Files
ScadaBridge/docs/plans/2026-06-26-deploy-config-notify-and-fetch-design.md
T

185 lines
16 KiB
Markdown
Raw Blame History

This file contains ambiguous Unicode characters
This file contains Unicode characters that might be confused with other characters. If you think that this is intentional, you can safely ignore this warning. Use the Escape button to reveal them.
# Deploy + Replication Config Transport — Notify-and-Fetch Design
**Date:** 2026-06-26 · **Status:** APPROVED (design) · **Area:** Deployment Manager / Site Runtime / Cluster Communication
**Fixes:** [`docs/known-issues/2026-06-26-deploy-config-exceeds-akka-frame-size.md`](../known-issues/2026-06-26-deploy-config-exceeds-akka-frame-size.md)
## 1. Problem
The flattened instance config travels over Akka on **two** hops today, and both are bounded by Akka.Remote's default `maximum-frame-size` (**128 KB / `128000b`**). A large config (e.g. a 3rd composition of the same base template) silently breaks both:
1. **Central → site (deploy).** `DeploymentService` serializes the whole flattened config into `DeployInstanceCommand.FlattenedConfigurationJson` and Asks the site over ClusterClient. An oversized frame is **silently dropped**; the central `Ask` times out after 120 s (`Communication:DeploymentTimeout`); the instance becomes un-deployable until the config shrinks.
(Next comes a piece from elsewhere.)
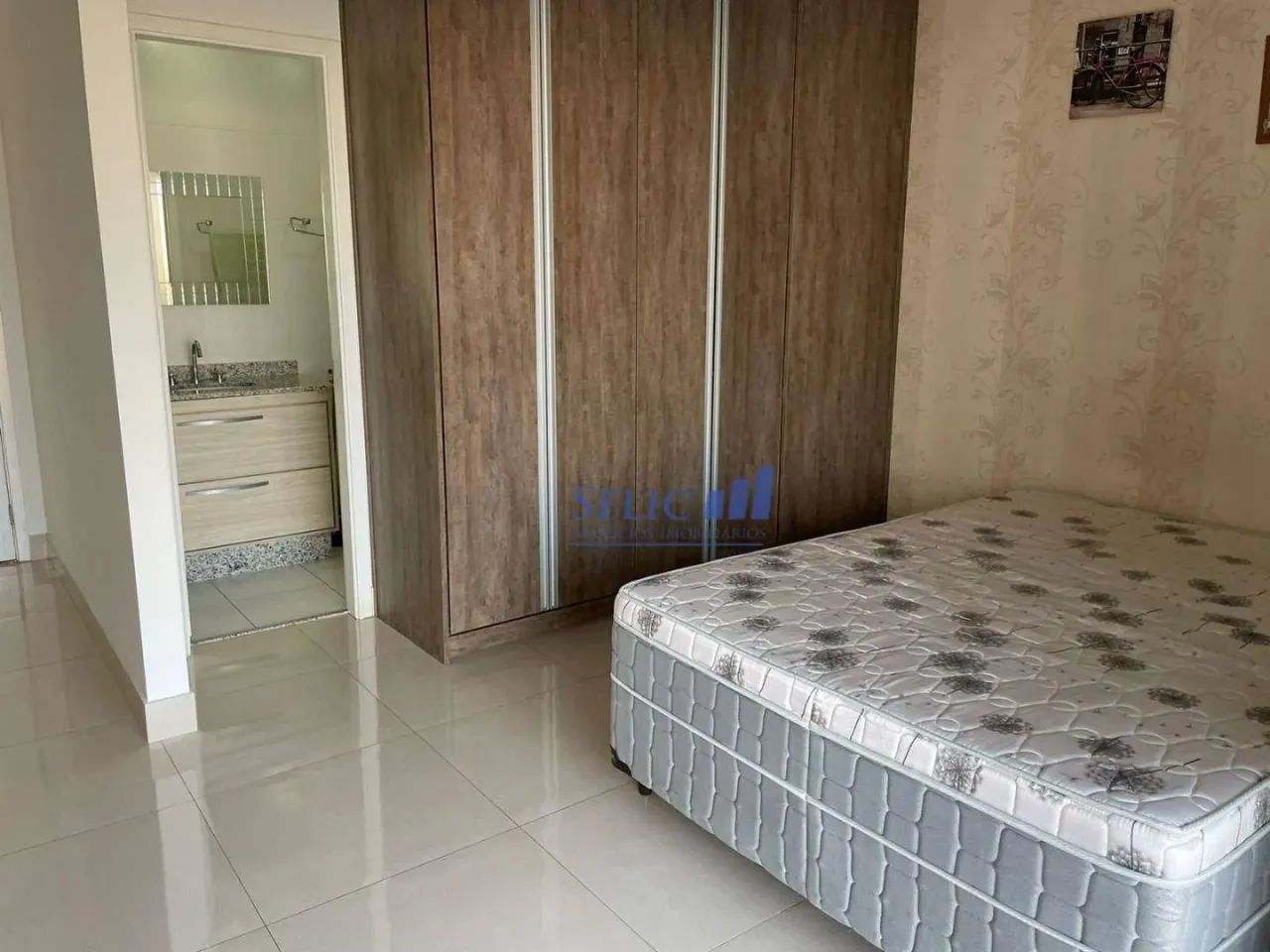 Flat mobiliado à venda em Jundiaí, In Design, Centro. - Foto 5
2. **Site active → standby (replication).** After a successful apply, `DeploymentManagerActor` does `_replicationActor.Tell(new ReplicateConfigDeploy(instanceName, command.FlattenedConfigurationJson, …))`; `SiteReplicationActor` relays it node-to-node via `ActorSelection(RootActorPath(peer)/"user"/"site-replication").Tell(…)`. This is **fire-and-forget** — an oversized `ApplyConfigDeploy` is silently dropped with *no timeout and no error*. The deploy "succeeds," the active node runs fine, and the standby silently lacks the instance — surfacing only at **failover**, when the now-active node recovers from its SQLite and the instance simply isn't there.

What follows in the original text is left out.